■ DATA FOR THIS EXERCISE
--------
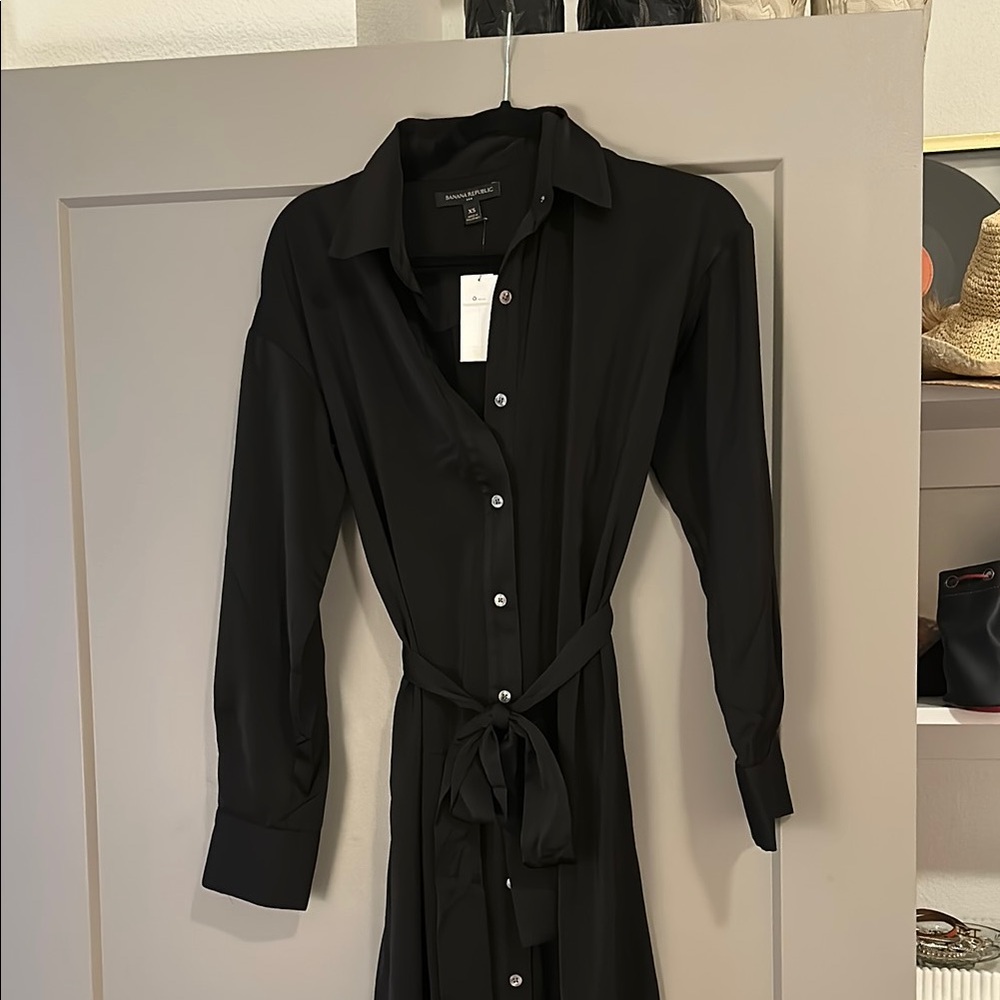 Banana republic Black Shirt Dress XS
--------
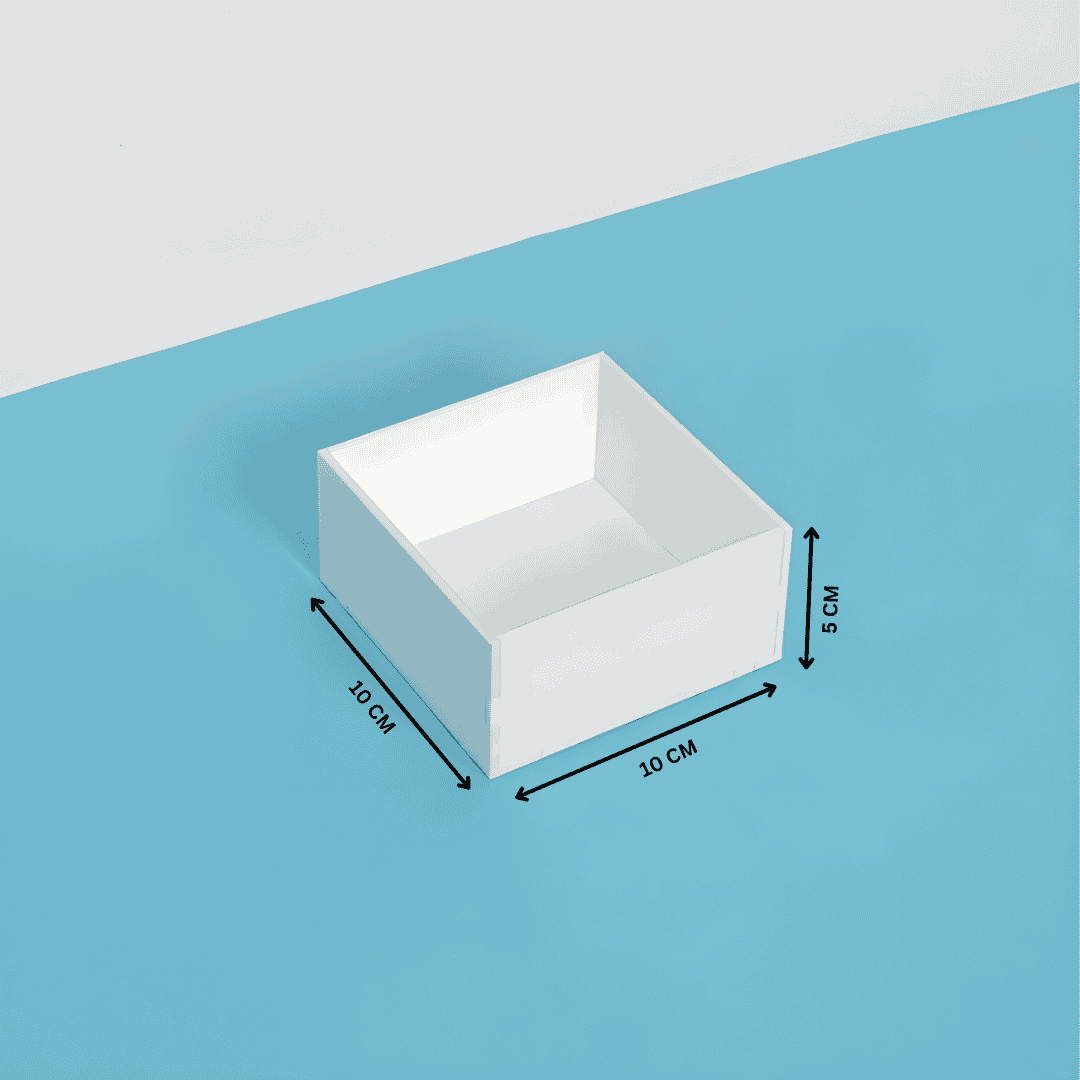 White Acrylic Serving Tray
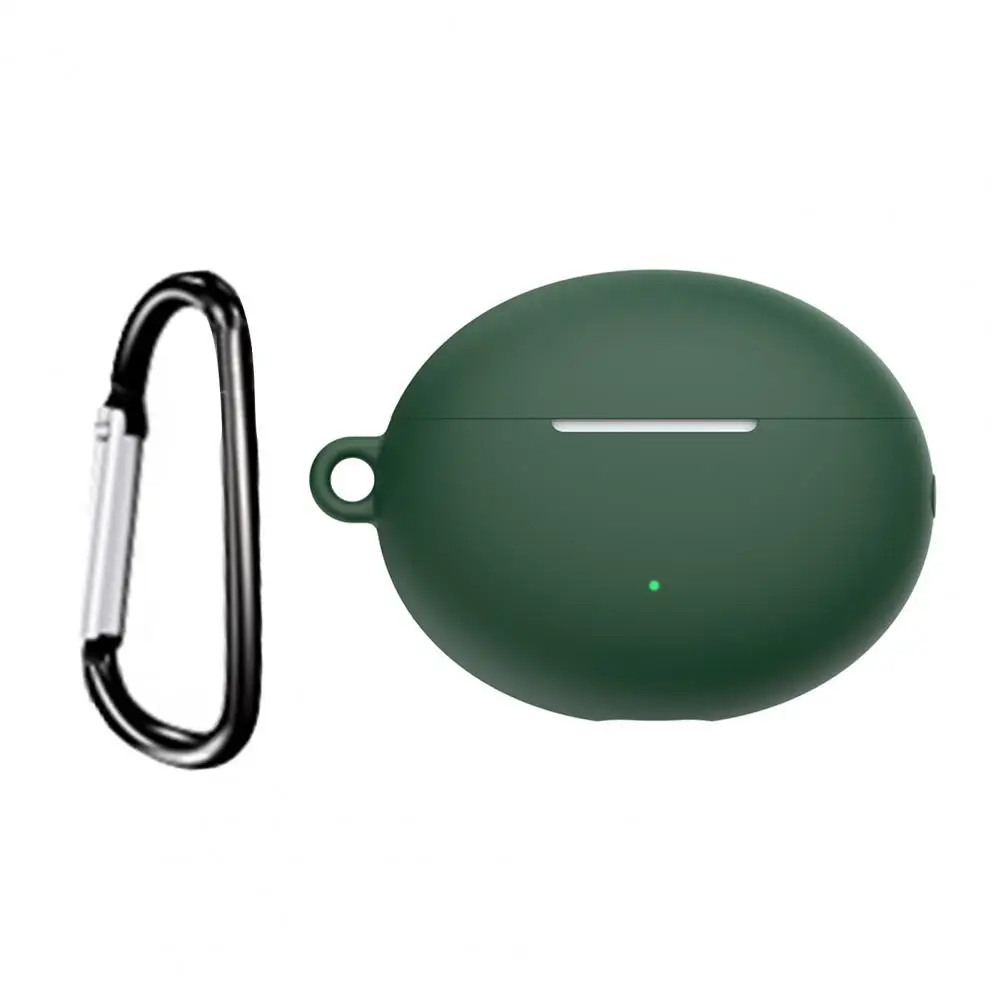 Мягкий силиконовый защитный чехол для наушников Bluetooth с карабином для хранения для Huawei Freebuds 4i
--------
■ REQUIRED WORK
Copy the lines above between the one holding "White Acrylic Serving Tray" and the one holding "Мягкий силиконовый защитный", inclusive. Drop the pictures.

■ RESULT OF THE EXERCISE
 White Acrylic Serving Tray
 Мягкий силиконовый защитный чехол для наушников Bluetooth с карабином для хранения для Huawei Freebuds 4i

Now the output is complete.